G&S 30

Development
- Designer: Graham & Schlageter
- Location: United States
- Year: 1979
- Builder: Various custom builders
- Role: Racer

Boat
- Displacement: 5,650 lb (2,563 kg)
- Draft: 5.30 ft (1.62 m)

Hull
- Type: monohull
- Construction: fiberglass
- LOA: 30.00 ft (9.14 m)
- LWL: 23.00 ft (7.01 m)
- Beam: 9.57 ft (2.92 m)
- Engine: BMW diesel engine/outboard motor

Hull appendages
- Keel: fin keel
- Rudder: internally-mounted spade-type rudder

Rig
- Rig type: Bermuda rig
- I foretriangle height: 32.90 ft (10.03 m)
- J foretriangle base: 9.30 ft (2.83 m)
- P mainsail luff: 37.75 ft (11.51 m)
- E mainsail foot: 14.00 ft (4.27 m)

Sails
- Sailplan: fractional rigged sloop
- Mainsail area: 264.25 sq ft (24.550 m^{2})
- Jib/genoa area: 152.99 sq ft (14.213 m^{2})
- Total sail area: 417.24 sq ft (38.763 m^{2})

Racing
- PHRF: 144

= G&S 30 =

Sailboat class

The G&S 30 is an American sailboat that was designed by Graham & Schlageter as an International Offshore Rule Half Ton class racer and first built in 1979.

==Production==
The design was built by a number of builders on a custom basis, including at least three built by Shea Marine.

==Design==
The G&S 30 is a recreational keelboat, built predominantly of fiberglass and wood. It has a fractional sloop rig, a raked stem, a sharply reverse transom, an internally mounted spade-type/transom-hung rudder controlled by a tiller and a fixed fin keel. It displaces 5650 lb and has lead ballast.
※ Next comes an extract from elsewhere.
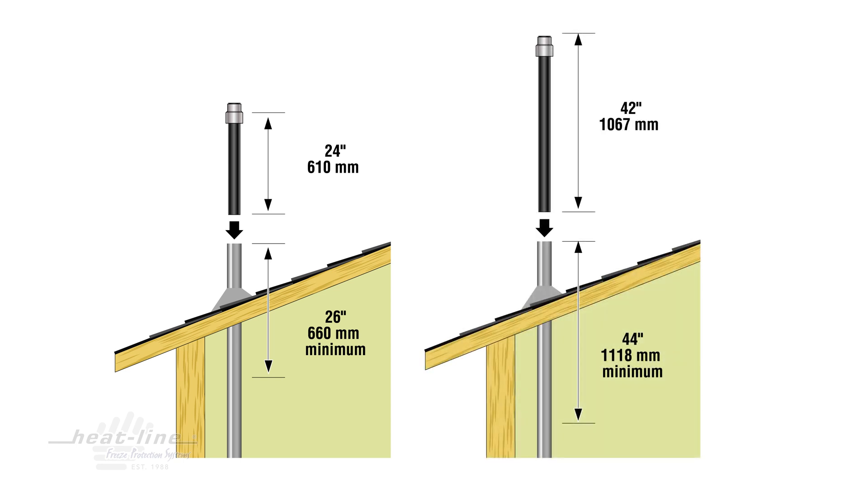With the 42-inch model, you have to ensure that there are no blockages or fittings within the first 44 inches of the vent pipe.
The boat has a draft of 5.30 ft with the standard keel.

The boat may be fitted with an inboard engine or a small outboard motor for docking and maneuvering.

The design has a hull speed of 6.43 kn and PHRF racing average handicap of 144.

==Operational history==
The boat is supported by an active class club that organizes racing events, the Half Ton Class.